Hey... of course, apologies for the delays!!!

  • are all browsers receiving banners?
  • are only js-enabled browsers receiving banners?

Only JS-enabled browsers display CentralNotice banners. The system for selecting a banner to show to a given user relies on heavily on JavaScript. (See browser support matrix.)

@JAllemandou I think you're approach of comparing Hive tables directly is right on! I'll continue this approach, and look for possible causes in the client-side JS (again, as priorities allow). :)

Nuria added a comment.Oct 19 2018, 6:43 PM

@AndyRussG I would look at EL data and see if any browser is notably missing from the events you have sent and received (hive events table). If the browsers missing are notably the ones w/o support of SendBeacon then your issue is users navigating outside the page before events get sent, that means -by proxy- that they did not engaged with banner. If, however, there is no clear browser pattern to your missing data you probably have an issue with your instrumentation that you need to fix.

Nuria raised the priority of this task from High to Unbreak Now!.Nov 1 2018, 8:51 PM
Nuria moved this task from Data Quality to Radar on the Analytics board.
Restricted Application added subscribers: Pcoombe, Liuxinyu970226, TerraCodes. · View Herald TranscriptNov 1 2018, 8:51 PM
Nuria added a comment.Nov 1 2018, 8:56 PM

FYI that we are puting this on radar, this item is on FR court

DStrine lowered the priority of this task from Unbreak Now! to High.Nov 1 2018, 9:07 PM
DStrine added a subscriber: DStrine.

Thanks all for discussing this. I'm putting the priority back to "High" per our prioritization definitions: https://wikitech.wikimedia.org/wiki/Fundraising/Bug_Triaging#Prioritization

We have a couple of other critical tasks right now but this will be considered soon.
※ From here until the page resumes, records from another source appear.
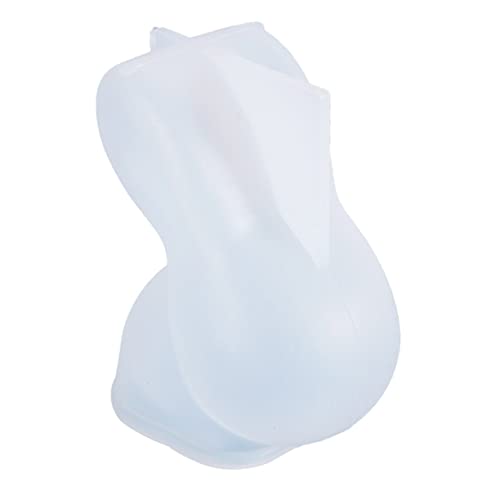 HORIALENCE Silikonform Kaninchen für DIY Bastelprojekte Wiederverwendbare Gießform für Ornamente für Dekoration und Leicht zu Reinigen und Antihaftbeschichtet HORIALENCE Silikonform Kaninchen für DIY Bastelprojekte Wiederverwendbare Gießform für Ornamente für Dekoration und Leicht zu Reinigen und Antihaftbeschichtet von HORIALENCE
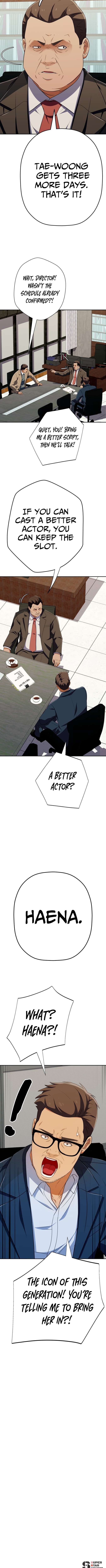 It’s voice phishing, but it’s a life reversal Chapter 59 - Page 17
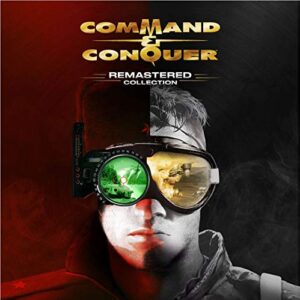 command and conquer remastered - steam pc [online game code}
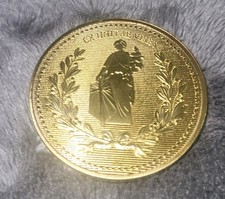 John Wick 1 oz Gold Continental Coin 5100.00 per troy oz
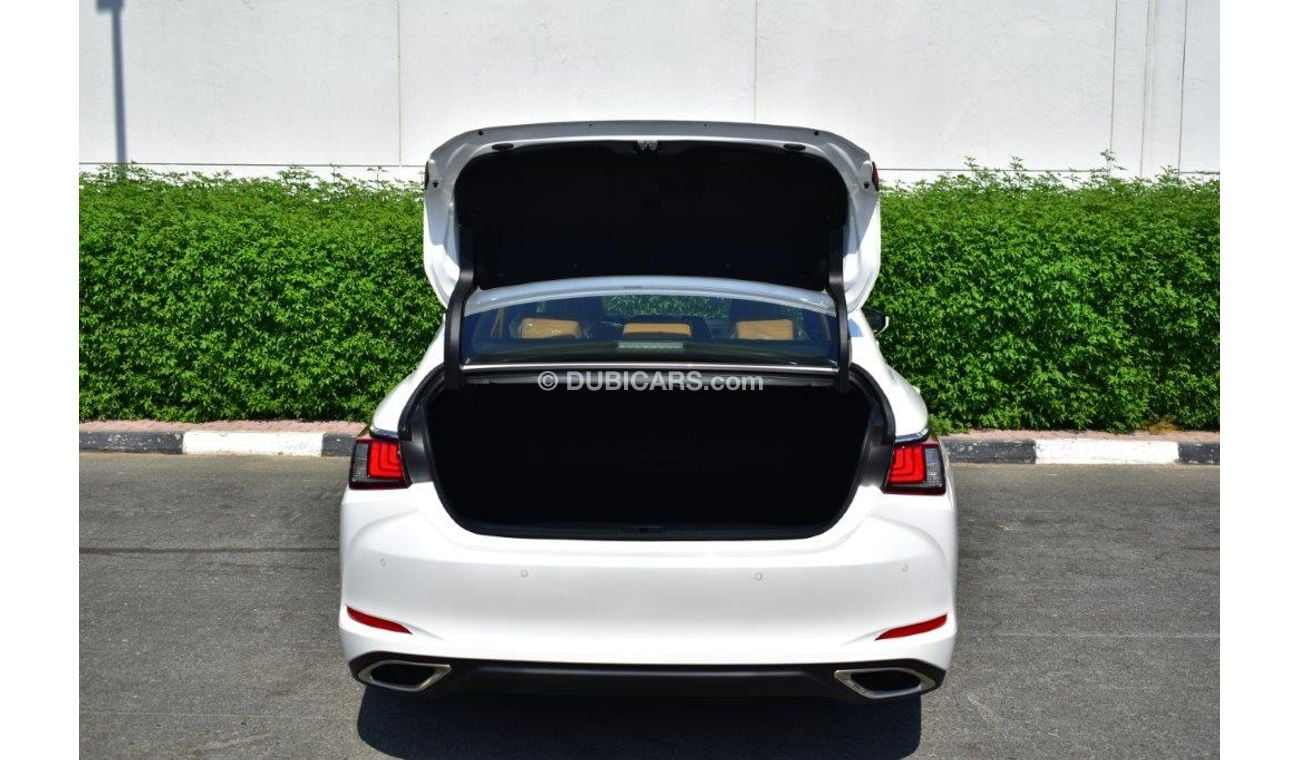 لكزس ES 350 Prime V6 EURO-4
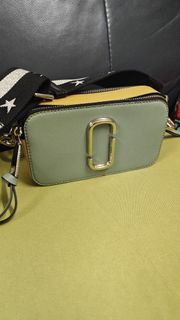 正版Marc Jacobs Snapshot 相機包
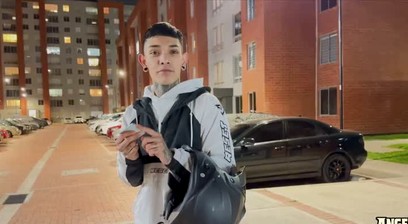 Angel of Bogota - File 33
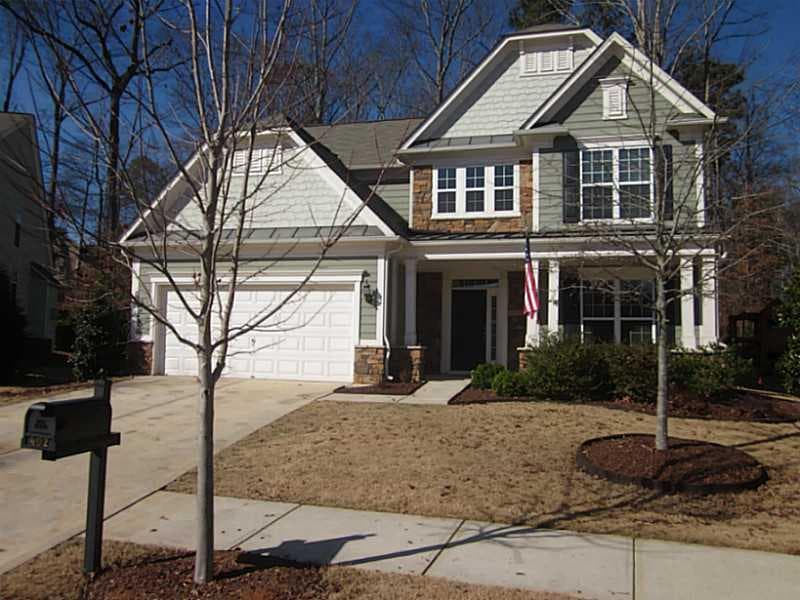 402 Oakley Circle, Canton, GA 30115 — most recent listing photo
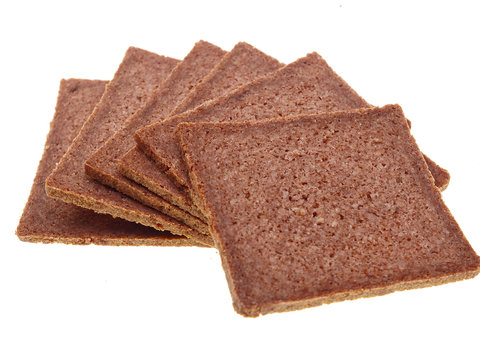 dinkelbrot scheiben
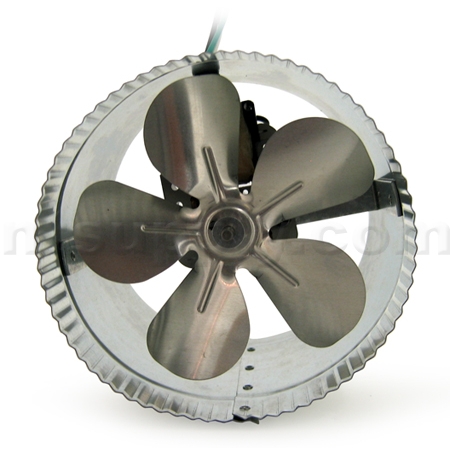 Suncourt    Inductor 6 In Line Duct Fan (DB6GTP)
Quick update here. We are still using the older pipeline for this season so this is not affecting us at the moment. We'll try to look at this again next year.

DStrine lowered the priority of this task from High to Normal.Dec 18 2018, 8:47 PM
Nuria added a comment.Dec 18 2018, 8:49 PM

@DStrine can you clarify what is the old pipeline?

Kafkatee

@AndyRussG assures us this would not have impacted our campaign stats.